There are some things coming up which I hope to write about here though.
I also owe you, gentle reader, an update on my 50 at 50 list. That’s coming soon. Expect some excuses.


RPM Challenge - an embarrassing update

The plan to make an album in February was going really well. Lyrics written, music for two of the tracks complete and I even managed to maintain the feeling that I could finish it.
But then my family and I were offered a chance to cat/house sit in Penzance. We love Cornwall and all needed a break from the hassles of daily life (the ongoing fight with Sovereign Housing and the neighbours, for example). So, after celebrating my mum’s 89th birthday various family members piled into the car and headed south-west.

That was lovely of course but it took a week out of my recording schedule, such as it was. I now have, by my reckoning, one evening to record seven songs.

And as is always the way with these things, having a week away from the technology has opened up all kinds of new ideas. We’ll see where this leads.



Some live soundscaping gigs coming up. I'm working on the least amount of gear possible (aside from amps). This is one idea.


RPM 2015

A few years ago I took part in the RPM challenge. This means you have February to write and record and album of original material. I completed it and made it available on my Bandcamp page but it was, predictably, rushed and a bit rubbish.

A few years later I tried again and cut the results down to an EP, which was less rubbish although (as far as I can tell) completely unloved.
This year I'm having another go. I have written nine lyrics, which is a shock. They are nowhere near as good, deep or meaningful as the ones I hear in the other bands I play in, but they are finished and waiting for music.
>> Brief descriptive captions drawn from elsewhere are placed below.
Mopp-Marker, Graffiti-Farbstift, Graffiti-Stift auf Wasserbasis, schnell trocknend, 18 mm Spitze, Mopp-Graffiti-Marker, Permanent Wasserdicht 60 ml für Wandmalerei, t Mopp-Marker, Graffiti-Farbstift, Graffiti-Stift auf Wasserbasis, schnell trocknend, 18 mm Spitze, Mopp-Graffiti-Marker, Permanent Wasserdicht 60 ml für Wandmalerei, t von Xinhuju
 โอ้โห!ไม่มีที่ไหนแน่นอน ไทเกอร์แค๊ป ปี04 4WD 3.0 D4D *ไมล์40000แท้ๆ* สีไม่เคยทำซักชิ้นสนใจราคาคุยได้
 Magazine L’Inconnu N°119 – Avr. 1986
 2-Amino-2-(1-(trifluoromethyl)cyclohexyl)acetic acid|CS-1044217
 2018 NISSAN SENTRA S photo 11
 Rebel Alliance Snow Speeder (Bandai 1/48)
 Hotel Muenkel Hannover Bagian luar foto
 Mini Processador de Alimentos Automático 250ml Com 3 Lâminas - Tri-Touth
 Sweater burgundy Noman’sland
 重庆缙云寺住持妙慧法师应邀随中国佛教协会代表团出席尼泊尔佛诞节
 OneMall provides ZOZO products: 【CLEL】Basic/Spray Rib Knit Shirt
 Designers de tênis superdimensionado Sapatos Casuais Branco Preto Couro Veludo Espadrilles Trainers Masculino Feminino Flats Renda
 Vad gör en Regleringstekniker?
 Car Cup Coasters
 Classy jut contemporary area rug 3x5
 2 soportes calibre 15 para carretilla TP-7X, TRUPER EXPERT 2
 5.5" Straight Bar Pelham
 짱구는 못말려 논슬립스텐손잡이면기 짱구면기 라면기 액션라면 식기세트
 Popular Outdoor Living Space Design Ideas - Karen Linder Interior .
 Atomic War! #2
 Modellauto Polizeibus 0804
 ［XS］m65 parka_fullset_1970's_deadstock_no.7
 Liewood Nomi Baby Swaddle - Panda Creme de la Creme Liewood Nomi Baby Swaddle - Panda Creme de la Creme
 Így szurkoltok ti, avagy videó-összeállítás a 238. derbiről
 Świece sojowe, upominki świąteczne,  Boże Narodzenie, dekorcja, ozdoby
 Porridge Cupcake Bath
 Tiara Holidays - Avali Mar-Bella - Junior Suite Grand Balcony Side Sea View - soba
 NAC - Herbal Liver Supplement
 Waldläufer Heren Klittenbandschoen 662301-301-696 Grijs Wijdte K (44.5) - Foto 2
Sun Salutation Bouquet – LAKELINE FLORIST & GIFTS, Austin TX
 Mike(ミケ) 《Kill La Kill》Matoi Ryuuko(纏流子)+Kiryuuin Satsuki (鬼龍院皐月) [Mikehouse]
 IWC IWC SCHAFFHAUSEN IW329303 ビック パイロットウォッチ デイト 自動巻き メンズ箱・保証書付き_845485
The last song now has a piano part. It is shaky and badly played but it does the job. I decided that I would much rather get these songs out of my system, no matter how rough they sound, than have them adding to my pile of half finished projects.

Hopefully I will have something to show for this in the next 19 days.




It's been a long, long time since I have had any active involvement with cricket. I played at school and enjoyed it far more than football or rugby. In those sports I would be a grudging addition to a team and would spend almost all my time running around the field, avoiding the ball and thinking up ways to avoid the dreaded post match shower. A teacher once berated me for not getting covered in mud like all the others. He insisted I had to shower with the others anyway but I snuck off and went to the library. It wasn't that I was anti-social, I was just fed up with being forced to do something I did not enjoy.

At our school you were not taught the rules of any sports as you were supposed to know these already. If you asked a question you got ignored. This meant you instantly did not fit in which meant when teams were being picked you were always in the last two. No one would pass to you and no one would discuss tactics with you. After a few weeks of this I gave up and subverted the games as much as I could in the hope they would just give up on me completely and let me do what I really wanted. In those days that meant, read in the library, make movies with the school's cine camera or hang out in the music block, trying out the instruments.

But cricket was different. I knew the rules, just, and I liked the pace of the games. My bowling was execrable but my batting was pretty good, so I could just about manage to feel part of the game. As a fielder I was a dreadful waste of space, having seen someone get a high velocity ball in the face. I went as far out as I could.

School did nothing for my love of sport. Once I was out though I slowly began to appreciate playing squash, fencing and tennis. My mum was, and is, a huge rugby and tennis fan so I had someone Who could pass that excitement on to me. It just took a while to shake off the bad feelings school helped set up.

Last year I was watching a video for a Neil Cowley Trio tune which features a cricket match. The appeal of the game returned and, frankly, all that shitty schools stuff was a long time ago. So now I have something new to enjoy.


Piano (part two)

The piano has arrived and I am in love.

I am working my way, slowly, through a set of exercises and painfully highlighting my shortcomings on the instrument. But, I am having huge amounts of fun and can sit there working out chords and melodies all night. Let's see where this goes.